An interesting article (with an amazing, uncredited picture, above) from the Continente Online blog: should arrangements of works by Villa-Lobos be allowed under any circumstances?
The Academia Brasileira de Música, which holds the copyright of Villa's works, is having this debate. Speaking in the negative: Guilherme Bauer, who complains about "...a work tampered with arrangements or versions that disfigure, like the inclusion of drumming." Speaking for is former ABM President Ricardo Tacuchian, who says "A arte é a arena da liberdade": "Art is the arena of freedom".
I'm sure I'm missing all sorts of subtleties having to rely on Google Translate.
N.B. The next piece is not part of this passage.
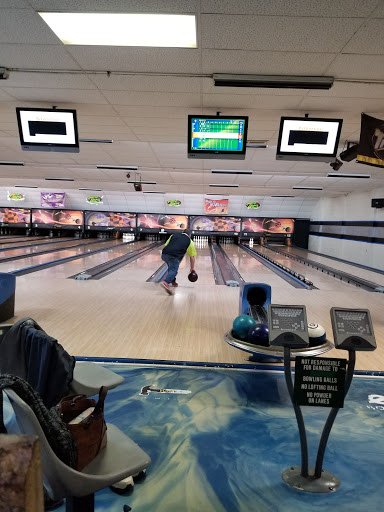 Bowling Alley «Gary Center Bowl», reviews and photos, 1118 N Market St, Paris, TN 38242, USA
But it's clear what side of this argument I'm on. It's been amazing to see the many popular versions of Villa-Lobos works and themes that have come out of Brazil in the past few years. Highlights include the jazz projects A Viagem de Villa-Lobos by Projeto B, and Villa's Voz with Bruce Henri; and O Papagaio do Moleque by the Choro Novo group Rabo de Lagartixa. One of the reasons Brazil has such a strong musical culture is the incredible interplay between erudite and popular music, going back to Villa's involvement with choro and samba, and continuing through Tom Jobim's hero-worship of Villa-Lobos to Villa's high profile in MPB and other forms of Brazilian popular music.
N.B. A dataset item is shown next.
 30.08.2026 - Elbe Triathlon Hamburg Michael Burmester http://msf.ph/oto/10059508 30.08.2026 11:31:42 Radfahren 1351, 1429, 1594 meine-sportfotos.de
Villa-Lobos was no stranger to copyright controversy in his own career, when he quoted the song Rasga Coração by Anacleto de Mediros and Catulo da Paixão Cearense in Choros #10.
The music of Villa-Lobos is in the Public Domain here in Canada, where we have a reasonable 50-years-after-death rule. Villa-Lobos royalties are undoubtedly welcome to the ABM, which I'm sure does great work for classical music in Brazil. But I would hope that the ABM doesn't put too many barriers up for new generations of Brazilian musicians to use Villa's works as a stepping-stone for their own music. After all, Villa-Lobos made use of a certain German composer to create some of his own most important pieces. I'm sure there were academicians who didn't appreciate the transformation of Bach's music into the Bachianas Brasileiras. Music marches on!